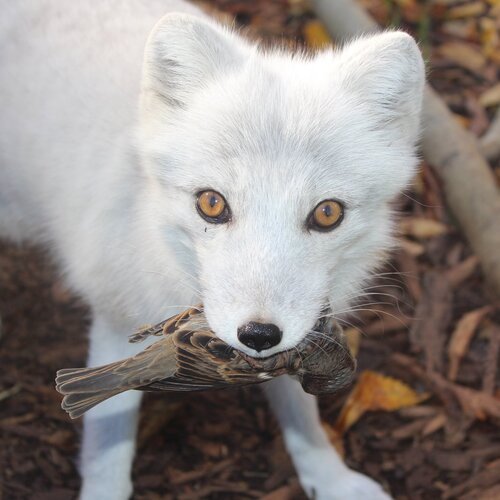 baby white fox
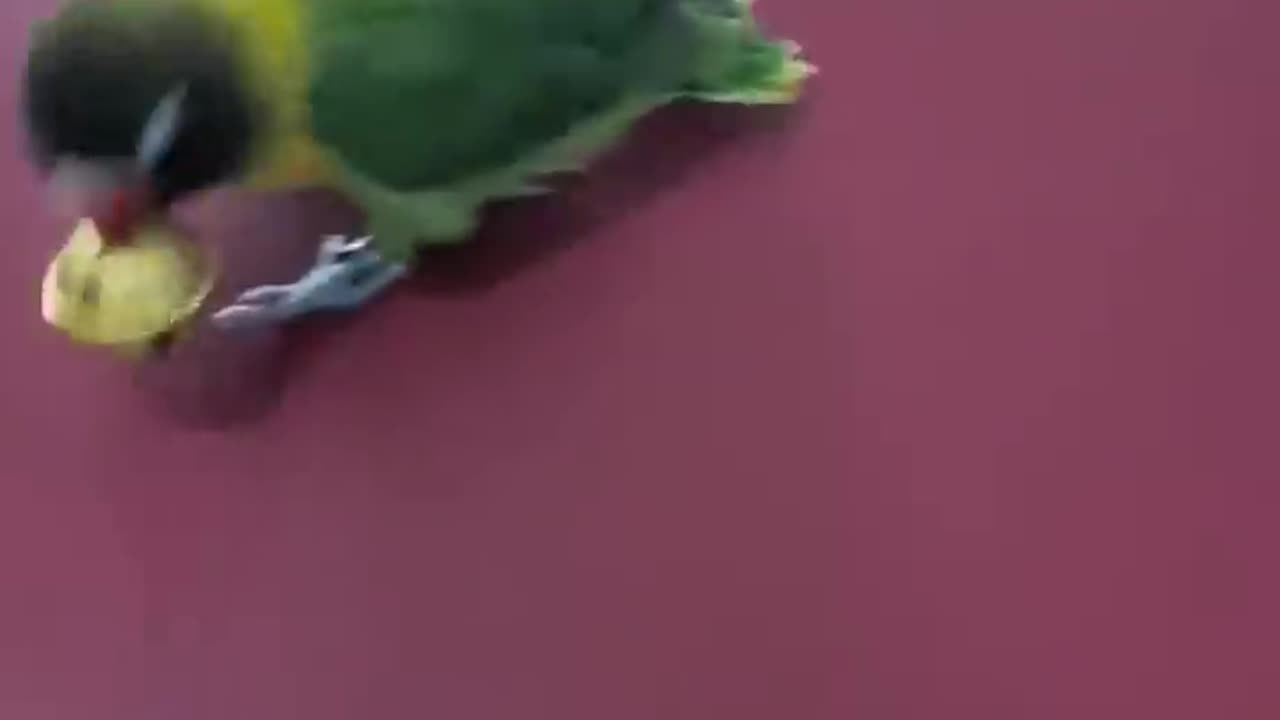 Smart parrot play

--

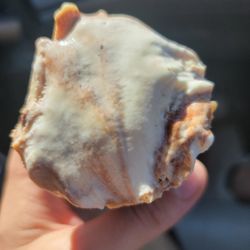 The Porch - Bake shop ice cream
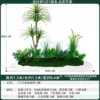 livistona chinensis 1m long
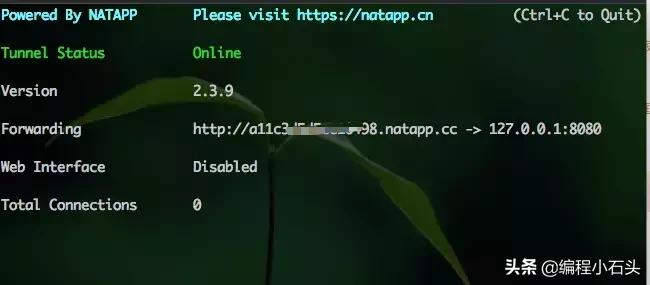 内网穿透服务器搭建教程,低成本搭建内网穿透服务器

* * *

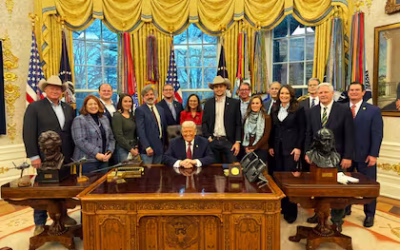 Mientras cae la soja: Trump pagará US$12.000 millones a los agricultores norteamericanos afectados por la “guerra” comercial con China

_WORK ITEM_. Go to the line above that has "The Porch - Bake shop ice cream" and copy exactly from there down to the line that has "内网穿透服务器搭建教程,低成本搭建内网穿透服务器", both included. Leave the pictures out.

_EXERCISE RESULT_.
 The Porch - Bake shop ice cream
 livistona chinensis 1m long
 内网穿透服务器搭建教程,低成本搭建内网穿透服务器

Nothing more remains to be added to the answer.